Seipel, Julia (Carl von Ossietzky-University Oldenburg, Germany) RE-PRESENTING AND RE-CONSTRUCTING GENDERED ETHNIC IDENTITY IN AUSTRALIAN FILMS FROM THE 1990S
Since the end of the 1980s migration and the every day life of 'ethnic' Australians became seriously treated subjects (in the word's double meaning) of films made in Australia. These films are believed to be even more 'authentic' when filmmakers who are defined by their ethnicity - i.e. not being from an Anglo-Celtic background, make them. Even though this can be seen as success of the official policy of multiculturalism there remains the question to what extend these 'legitimate' representations encourage the consolidation of ethnicity as social and cultural category as well as means of differentiation and discrimination. Using some films from the 1990s as examples I am going to discuss correlations between the cultural categories of gender and ethnicity and how representations of ethnic female characters can be used to establish limits for an ethnic group within a multicultural society.
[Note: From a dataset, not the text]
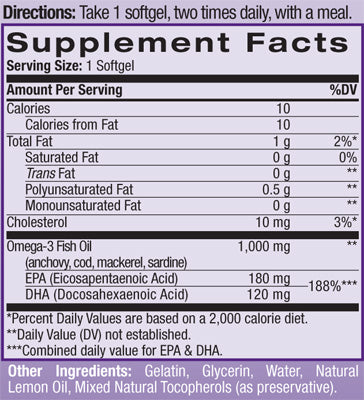Omega-3 Fish Oil 1000mg. 60 Softgels - Feel You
Tranchini, Elina (University of La Plata, Argentina) WHEN THE SLAVE SHIP TRANSNATIONALIZES ITS SELF-DESTRUCTION: PARADOXES OF AMERICAN CINEMA IN THE REPRESENTATION OF BLACK ETHNICITY
Currently, there is a lack of studies about the possibility of visual and film representation of social theoretical categories. What formal and esthetical approaches did the U.S. cinema use to construct a narrative model about black ethnicity? Stigma images and a prototypical rhetoric were globalized by cinema and television, or recycled by a cinema captured by a desperate search of black self-affirmation (Spike Lee). In the opposite view, the very criticized La Amistad by Steven Spielberg, avoids and dissolves the characteristics binaries of colonialist political logic, focusing on the construction of U.S. black ethnicity as the large-scale plantation slavery hegemonic strategy to delete and devastate colonized African and African American subjectivities. This film represents black ethnicity as the embodiment of a forbidden historicity, and it situates the fight against racism out of the no way out circle of ethnic identity, in constitutive full flow of a multiplicity of discursive public spheres.